ResourceT = typing.TypeVar('ResourceT')

class ZapMessageResource(Datasource[ResourceT]):
  class NotFoundError(Exception):
    pass

  # The Datasource class will set any keyword-args provided to the
  # constructor as instance variables. We add this type hint to document
  # that this is expected.
  resource_type: zapmessage.Resource

  def get(self, id: str) -> ResourceT:
    response = self.resource_type.get(id, api_key=self.api_key)
    if response is None:
      raise ZapMessageResource.NotFoundError(f'not found: {id}')

    return response

  def list(self, **filter: Any) -> Iterable[ResourceT]:
    return self.resource_type.filter(api_key=self.api_key, **filter)

  @property
  def api_key(self):
    return setting.ZAPMESSAGE_API_KEY


messages: Datasource[zapmessage.Message] = ZapMessageResource(
  resource_type=zapmessage.Message
)

senders: Datasource[zapmessage.MessageSender] = ZapMessageResource(
  resource_type=zapmessage.MessageSender
)

categories: Datasource[zapmessage.MessageCategory] = ZapMessageResource(
  resource_type=zapmessage.MessageCategory
)

Now we can pass any of these resource endpoints to any API accepting a Datasource.

If the client library is designed well (as this one is), it will probably have consistent conventions for how its different resources work.

If so, you can probably just define one class adopting the API's overall conventions and customize those using parameters to instances for individual resources.

A real-world example will obviously differ, and may introduce a few inconsistencies that you need to work around but hopefully this gives you a good starting point!

Calling a REST API

Let's imagine that ZapMessage didn't provide a Python library and we needed to use its REST API instead.

To do this, we'll need to:

  • Define data classes for each resource.
  • If we need specify headers or otherwise customize how API calls are made, subclass RestDatasource with our customizations.
app/datasources/zapmessage.py
from dataclasses import dataclass
from datetime import datetime
from typing import TypeVar, Iterable, Any, Dict

from django.conf import settings
from groundwork.core.datasources import RestDatasource

@dataclass
class Message:
  id: str
  sender_id: str
  category_id: str
  timestamp: datetime
  content: str

@dataclass
class MessageSender:
  id: str
  name: str

@dataclass
class MessageSender:
  id: str
  name: str


# We're using type hints in this example, but feel free to ignore them if
# they're unfamiliar.
ResourceT = typing.TypeVar('ResourceT')

class ZapMessageResource(RestDatasource[ResourceT]):
  base_url = 'https://api.zapmessage.io'

  def get_headers(self) -> Dict[str, str]:
    return {
      'Authorization': f'Bearer {settings.ZAPMESSAGE_API_KEY}'
    }

messages: RestDatasource[Message] = ZapMessageResource(
  path='/messages',
  resource_type=Message
)

senders: RestDatasource[MessageSender] = ZapMessageResource(
  path='/senders',
  resource_type=MessageSender
)

categories: RestDatasource[MessageCategory] = ZapMessageResource(
  path='/categories',
  resource_type=MessageCategory
)

So far, so good!

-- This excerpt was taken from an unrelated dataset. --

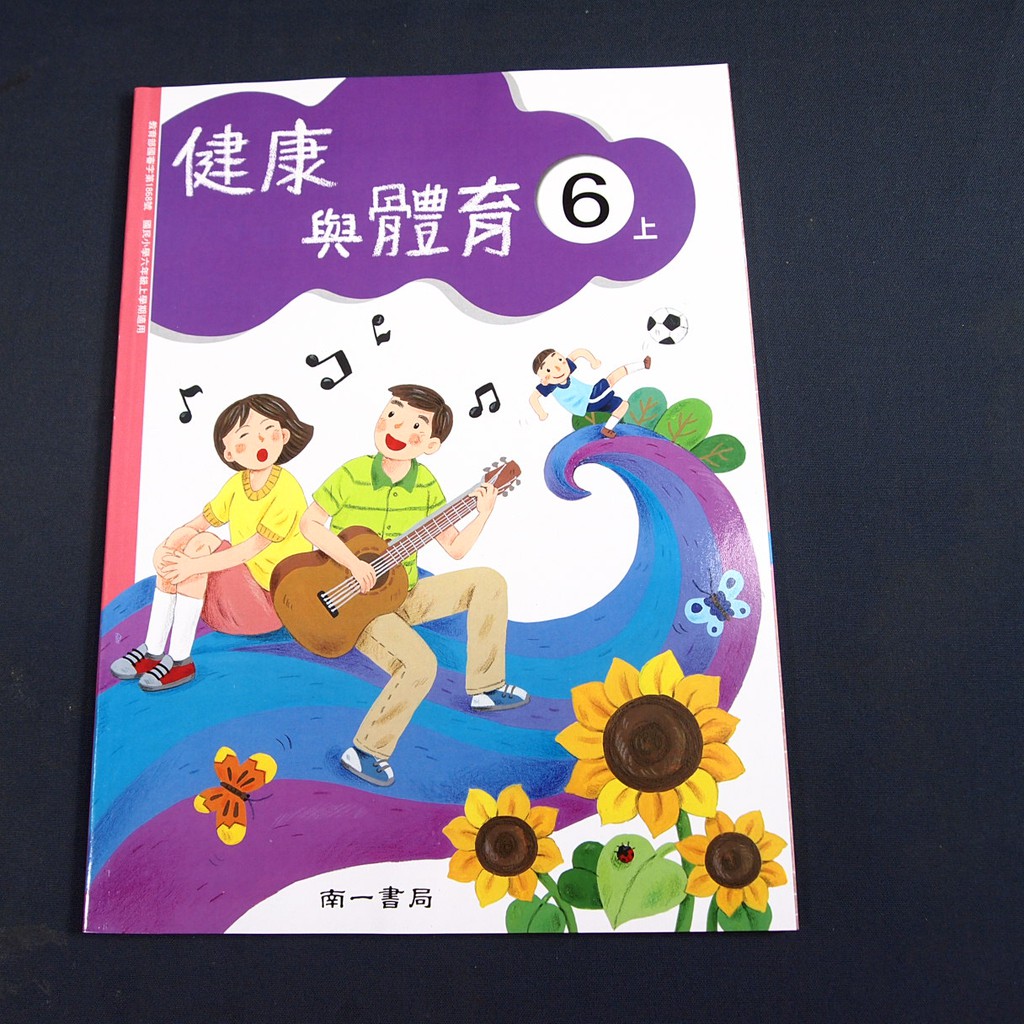 考試院二手書 國小健康與體育課本6上 南一 洪武吉 全新 21b15 蝦皮購物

One additional customization we will often make is to define how list responses are handled. By default, RestClient's list() call will expect to be returned a list of resources with no pagination.

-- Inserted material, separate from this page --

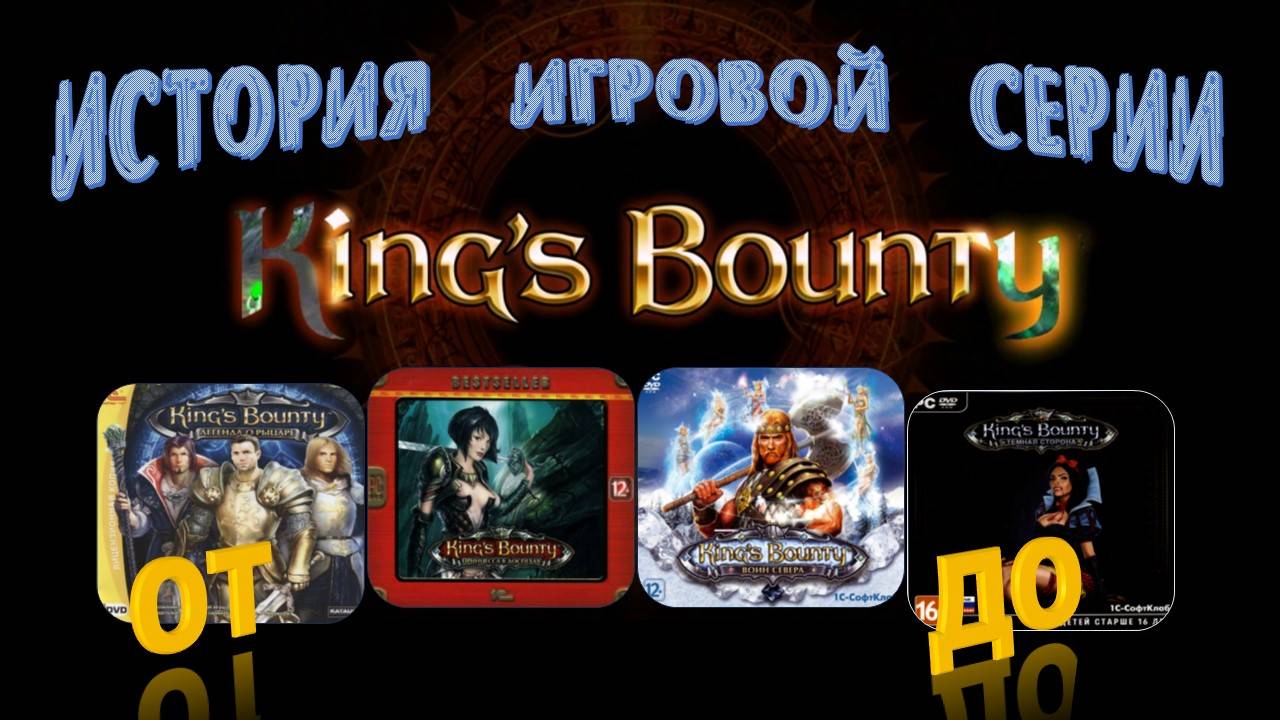 рассказ про серию игр  "Kings Bounty"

Here's how we might do that:

class ZapMessageResource(RestDatasource[ResourceT]):
  base_url = 'https://api.zapmessage.io'

  def get_headers(self) -> Dict[str, str]:
    return {
      'Authorization': f'Bearer {settings.ZAPMESSAGE_API_KEY}'
    }

  def paginate(self, **query: Any) -> Iterable[Any]:
    page = 1
    total_pages = None

    while total_pages is None or page <= total_pages>:
      response = self.fetch_url(self.url, query, page=page)
      total_pages = response['total_pages']

      for item in response['items']:
        yield item

You can see the full set of options and override points in RestClient's API documentation.